Certes, l'amélioration progressive des résultats financiers est un signal encourageant.

Mais le contrat de plan conclu avec l'Etat en 1998 manque de souffle, l'application difficile des 35 heures pèse sur le dialogue social et sur la productivité. La question du statut de La Poste reste taboue et, faute de capital, l'opérateur doit trouver en lui-même -ou via ses filiales- les moyens de son expansion internationale.

La question des missions d'intérêt général exercées sans contrepartie financière n'est toujours pas réglée.

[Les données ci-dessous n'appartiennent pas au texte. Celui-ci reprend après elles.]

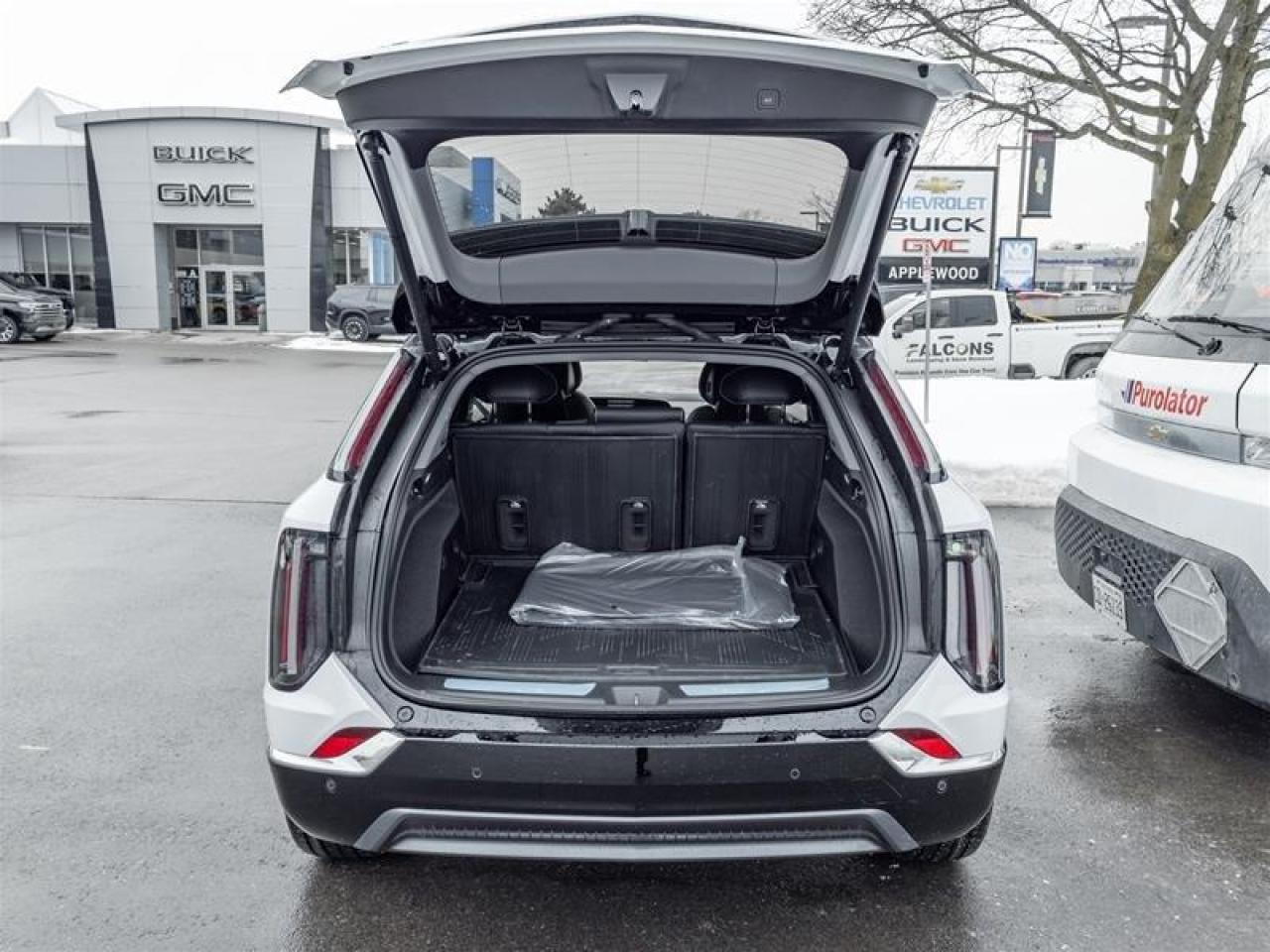 2026 Cadillac OPTIQ Luxury 4dr Photo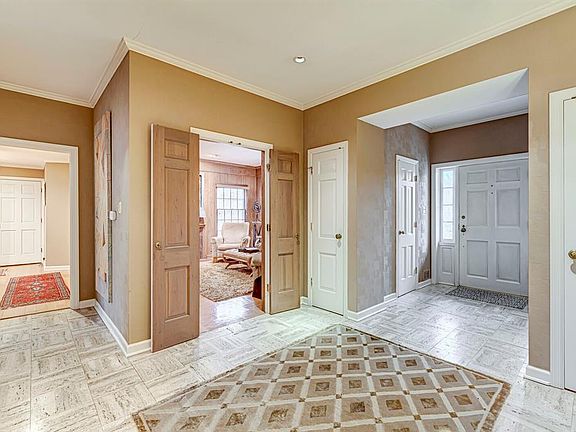 4th image of 8005 Meridian Hills Ln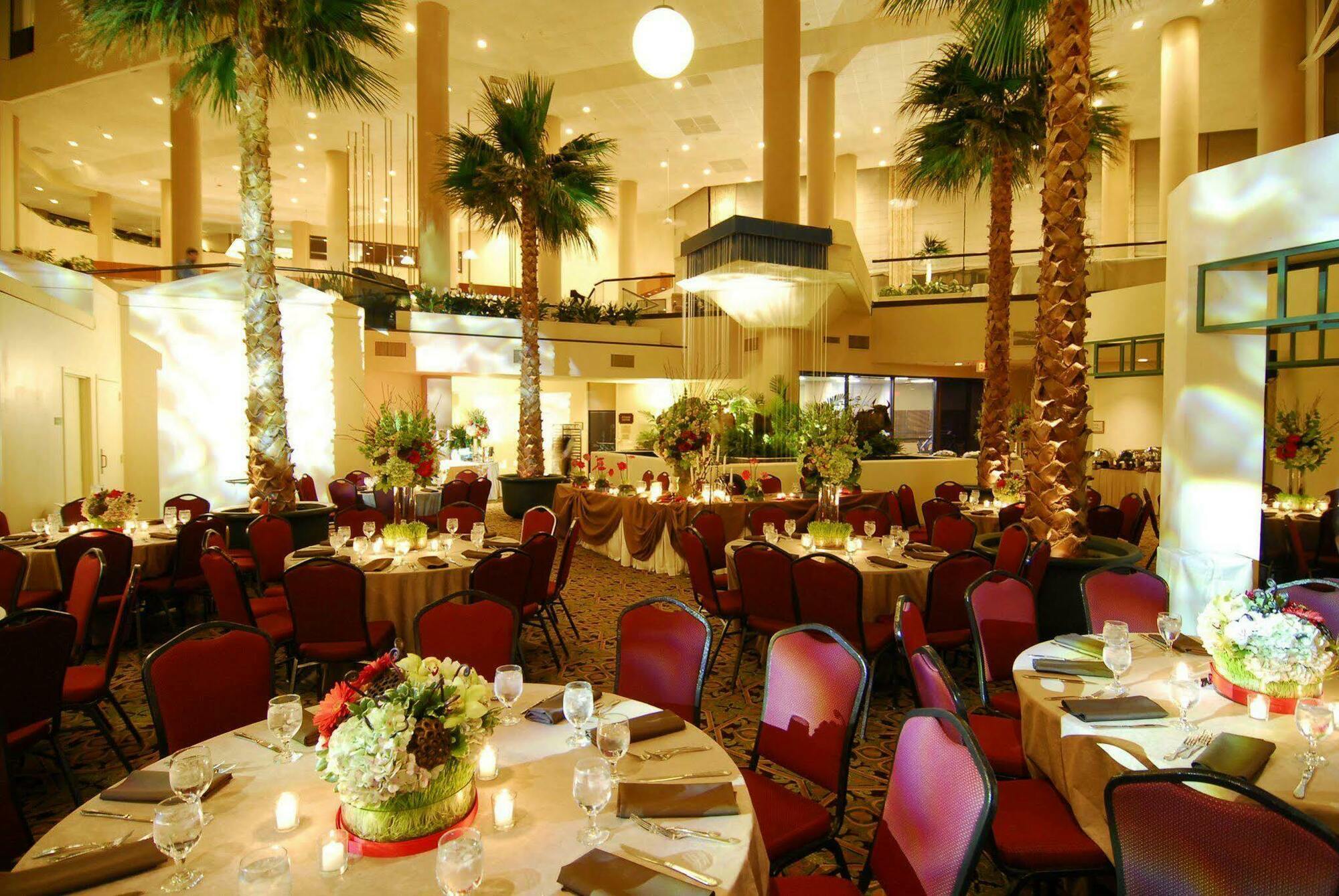 Doubletree By Hilton Dallas Near The Galleria Экстерьер фото
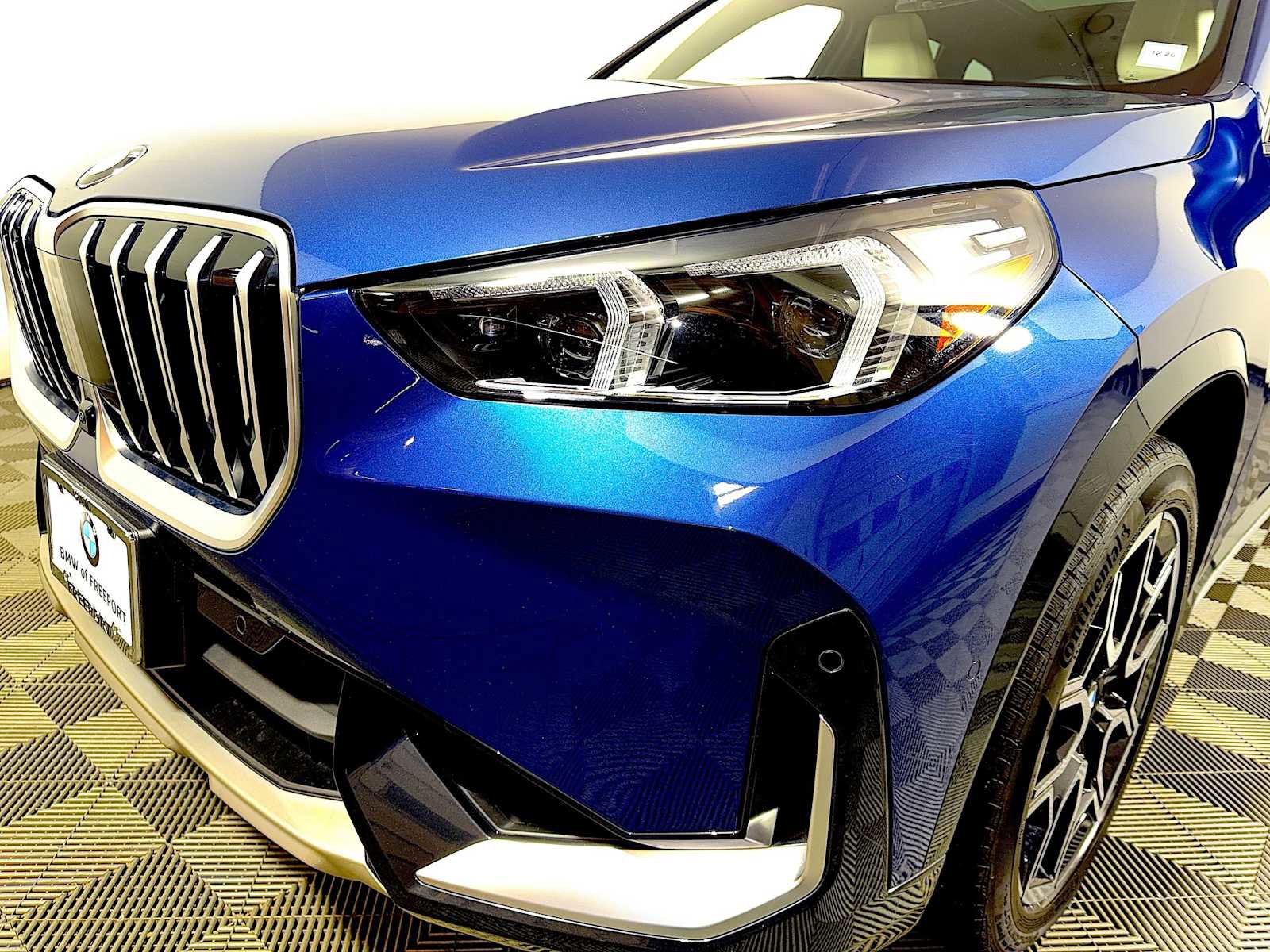 Used 2025 BMW X1 xDrive28i w/ Premium Package image 26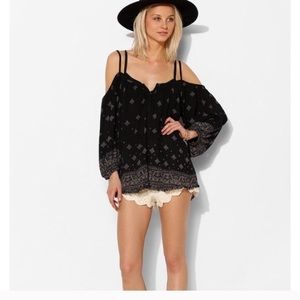 Reserved uo ecote top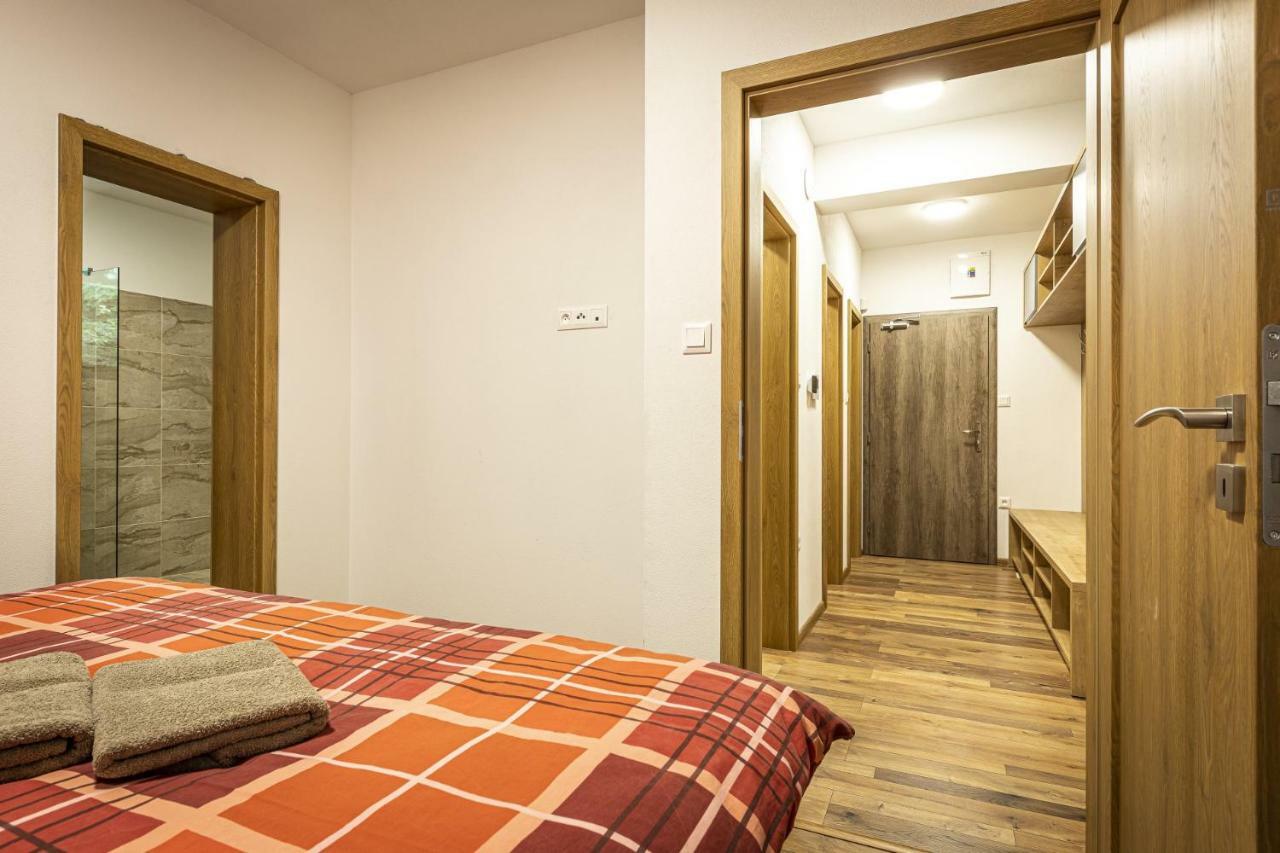 Apartmanovy Dom Poludnica - Chopok Juh Tale Ngoại thất bức ảnh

Le rapport d'information précité de 1997 de votre commission et du groupe d'études sur l'avenir de la poste avait calculé le coût net des charges d'intérêt général assurées par La Poste. Ce coût représentait plus de 8 milliards de francs par an , en 1996, dont 4,5 milliards de francs pour le coût d'entretien d'un large réseau (17 000 points de contact postaux sur le territoire) pour partie peu fréquenté (3 000 points de contact fonctionnent moins d'une heure par jour). Ce chiffrage, qui mériterait sans doute d'être actualisé, n'a d'ailleurs pas été contesté.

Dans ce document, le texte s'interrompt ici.